By Rick Fountain BBC reporter at the National Archives at Kew |

 India opted for MiGs in the 1960s |
India's decision to award a huge jet contract to the UK comes just days after news emerged of British and US efforts to sabotage Indian defence deals in the Cold War. Official papers released last month in London show how the UK and the United States tried to derail India's attempts to equip its air force with Soviet warplanes.
A top-secret dossier from the Dominions Office, released in 1962, reveals that President John Kennedy offered to arrange covert payments of several million dollars to Britain, to underwrite part of the cost of a British alternative to the Soviet MiG-21s.
But the plot ended in failure.
'Spoiling offer'
Forty-one years ago, India's relations with the Soviet Union were warming up, much to the anxiety of President Kennedy and the UK Prime Minister, Harold Macmillan.
 | The snag was that the price tag on the Russian planes was only about a third of the cost of the Lightnings, and Britain could not afford to pay the difference  |
Their fears of an extension of Soviet influence in South Asia were heightened by reports that some senior figures in Delhi wanted India to buy Soviet MiG-21s, then a state-of-the-art fighter aircraft. Kennedy and Macmillan set out to thwart the deal.
They secretly agreed that the UK - India's traditional supplier of military hardware - should offer Delhi a squadron of English Electric Lightnings at a price comparable to that set by the Soviets for the MiG-21s.

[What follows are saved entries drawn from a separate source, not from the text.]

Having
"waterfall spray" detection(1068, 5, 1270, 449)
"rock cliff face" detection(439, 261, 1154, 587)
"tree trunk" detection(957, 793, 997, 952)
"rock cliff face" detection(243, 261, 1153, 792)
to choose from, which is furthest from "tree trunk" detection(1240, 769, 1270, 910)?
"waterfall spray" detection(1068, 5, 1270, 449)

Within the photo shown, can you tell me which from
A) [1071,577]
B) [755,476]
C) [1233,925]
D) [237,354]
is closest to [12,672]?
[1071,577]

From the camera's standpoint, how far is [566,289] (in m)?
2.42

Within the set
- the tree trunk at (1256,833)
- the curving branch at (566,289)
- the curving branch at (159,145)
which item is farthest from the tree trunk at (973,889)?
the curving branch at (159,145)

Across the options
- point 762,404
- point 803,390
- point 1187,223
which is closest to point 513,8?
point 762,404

The snag was that the price tag on the Russian planes was only about a third of the cost of the Lightnings, and Britain could not afford to pay the difference.
So, as the file reveals, Mr Kennedy offered to pay, in secret, up to three-quarters of the cost.
In a message to Macmillan, Kennedy spoke of "our spoiling offer to the Indians" and said he hoped India would end up delaying indefinitely any purchase of supersonic aircraft.
China tension
President Kennedy's hope, in July, that Delhi could be lulled into a long period of indecision was rudely shattered three months later, when Chinese forces seized part of India's north-eastern border territory.
Hostilities were soon over, but India was stung into quickly beefing up its air force.
The Prime Minister, Jawaharlal Nehru, announced that India would soon be getting Soviet MiGs.
Within a year or so, Indian engineers had started building, under licence from Moscow, further large numbers of MiG-21s.